About two years ago, my own starting point in the field of dataviz/information design was my background as a social scientist: I was familiar with the methodological and analytical aspects of working with data (e.g. interpreting data, epistemological considerations, etc), so the first thing I did was learning to use Python and R. My learning process was mainly following the logic of “how can I get and wrangle data, and then make a bunch of vizzes inspired by what I’ve seen online”, and those two tools are perfect for that so I don’t regret focusing on becoming proficient with them.
But about a year ago, wanting to get better at creating clear and effective visuals, I started looking at the more design-oriented and “visual communication” considerations, best practices and literature. And this has opened up a whole new dimension of my interest in this field/work, because this probably constitutes the part of information design that I was the least familial with given my own background.
What’s brilliant – and this is applies to this field in general – is that the resources, introductions/explainers and literature addressing it are plentiful and easily accessible (except maybe for some of the books, but there are ways to get them freely or cheaply if you know where to look online). So I’m slowly but surely beginning to improve my design process, paying attention to everything – colors and color palettes, typography, chart selection, etc – that impacts the visual/cognitive and communicative/interpretative (and interactive, when it’s not a static graphic) legibility of my visualizations.
Needless to say this is a work in progress, but I wanted to write a brief post on two of my most recent visualizations, and secondly I’ll take a self-critical look back at some of the graphics I’ve created over the past 2-3 years.
Trying to Create a Nice-Looking Stacked Area Chart, Only to Fall Back to Small Multiples
One of the types of charts/visualizations I’ve wanted to create for a while is a visually-appealing stacked area chart like this one Gilbert Fontana shared last year. Yan Holtz‘s R Graph Gallery website includes a tutorial to replicate Fontana’s chart, so this is where I started.
I wanted a dataset that’s kinda similar to the one used by Fontana, so I took the World Inequality Database‘s data on average incomes per adult from 1820 to 2023. I first replicated the visualization very closely, including Fontana’s peculiar ordering of the stacked areas (with the category that has the biggest value for the latest year, is put at the bottom, and then categories are ordered vertically from lowest to (second) highest). Of course had I chosen to stop there, I would have reorganized the list of regions because it doesn’t make sense in my case to keep that ordering: Fonfana’s chart has “Rest of the world” which is contrasted with the values/stacked areas of individual countries, but that’s not the case with my dataset.

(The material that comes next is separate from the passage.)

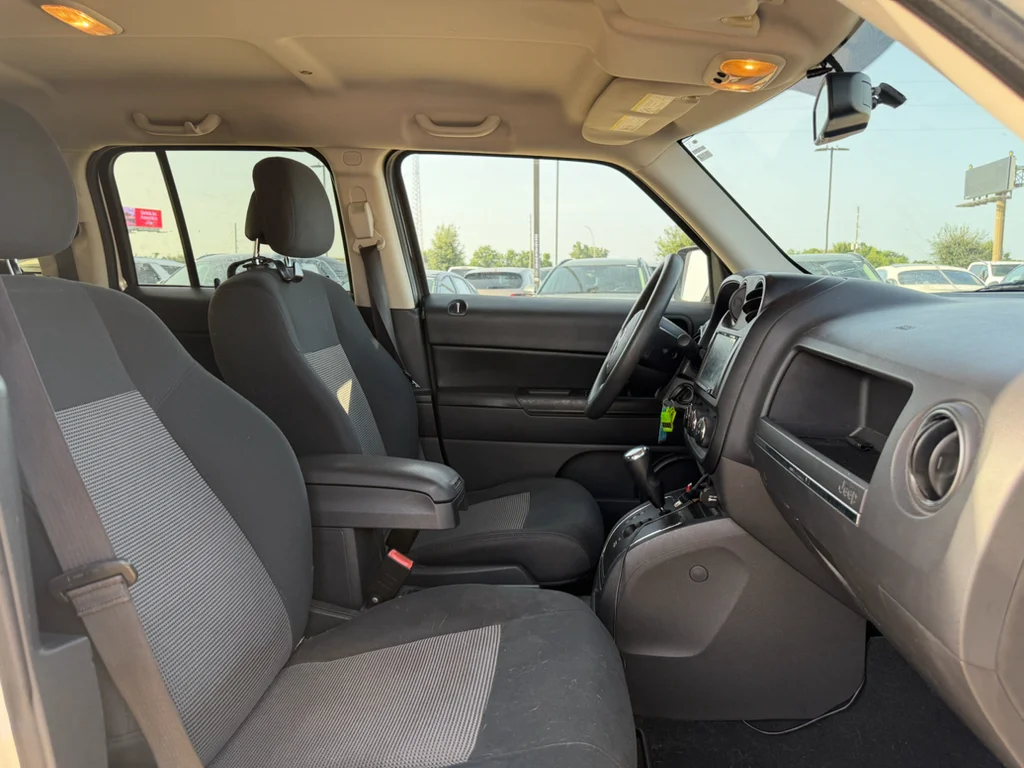 Used 2011 Bright Silver Metallic Clearcoat Jeep Sport image 11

However, it quickly became evident to me that even after this modification this smoothed-out version of stacked areas wouldn’t work. Because while it might be visually appealing/nice, as you can see below it significantly distorts the data compared to a regular stacked area chart. But there is a deeper issue, which is highlighted here: from a visual and cognitive standpoint, beyond 3 or 4 categories – and even in the case one has so few categories – it’s almost impossible to examine the actual differences between groups, mainly because they don’t have the same baseline, and outside of the bottom slice/category their baseline isn’t flat (i.e. it’s the edge of the previous category’s area shape).
In other words, the only information one can gather from a stacked area chart (leaving aside the numbers on the right, which is an unusual feature inspired by Fontana’s chart) is the evolution of the whole and the relative proportions between categories. But this is seriously undermined by the fact that it’s impossible to examine the actual evolution of individual categories, nor the actual numerical data. And in this case, since there are ten different regions stacked on top of each other, even the relative proportions aren’t easily noticed, especially for the thinner tiles/slices.

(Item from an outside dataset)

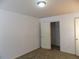 Bedroom with carpet flooring and two doors, one leading into a walk in closet at 2249 Knoxhill Se Vw, Smyrna, GA 30082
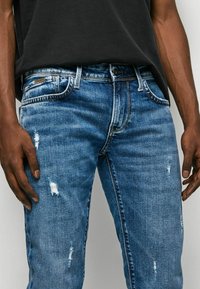 Blå denimjeans med slitna detaljer, som har fem fickor, dragkedja och en mellan-ton med subtil blekning.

The regular line chart isn’t a solution either here, because again there are too many categories/groups, meaning that if we plot it as a single line chart (below), while the representation is more consistent with the data – with the y axis we’re able to see the actual level of income a given point in a line corresponds to -, it’s confusing and rather ugly. This is the dreaded spaghetti chart, which is perhaps the only type of chart hated as much if not more than the pie chart in dataviz circles.
The solutions to the flaws of both “spaghetti” line charts and stacked area charts, are twofold but follow a similar logic/idea. The static option is to use the small multiples format which is beloved – for good reasons – by information designers. This concept was introduced/formalized by Edward Tufte in his book Envisioning information (1990), and I’ll let Juuso Koponen and Jonatan Hildén take it from here:
Small multiples are a set of small graphics laid out in a matrix, or table, and intended to be viewed side by side. The matrix is generally arranged in such a way that the images on the same row or column show related data. (…)
With small multiples, the eye moves easily between the visualizations, compared to viewing completely distinct figures. Because comparison is possible within an eyespan, working memory and conscious processing capacity is freed for better use. Furthermore, small multiples are simpler and easier to understand than complex visualizations with all the data items crammed into a single figure. The use of small multiples to convey data has also been shown to be more effective and accurate than presenting the same data as an animation for example.
As comparison is crucial in small multiples, Tufte’s principle of “show data variation, not design variation,” mentioned above, is particularly salient here. The comparison of figures arranged side by side is most successful when there are as few non-data-related differences between them as possible. (p. 100)
The other option is creating an interactive chart for the web, where the lines or areas can be examined separately (e.g. by hovering, clicking on a line/area or on the category one wants to look at) while the rest is toned down visually. Interestingly, at least for the examples below the small multiple static graphs kinda constitute a “grid of snapshots” representation of what you would see by hovering and clicking on an interactive chart!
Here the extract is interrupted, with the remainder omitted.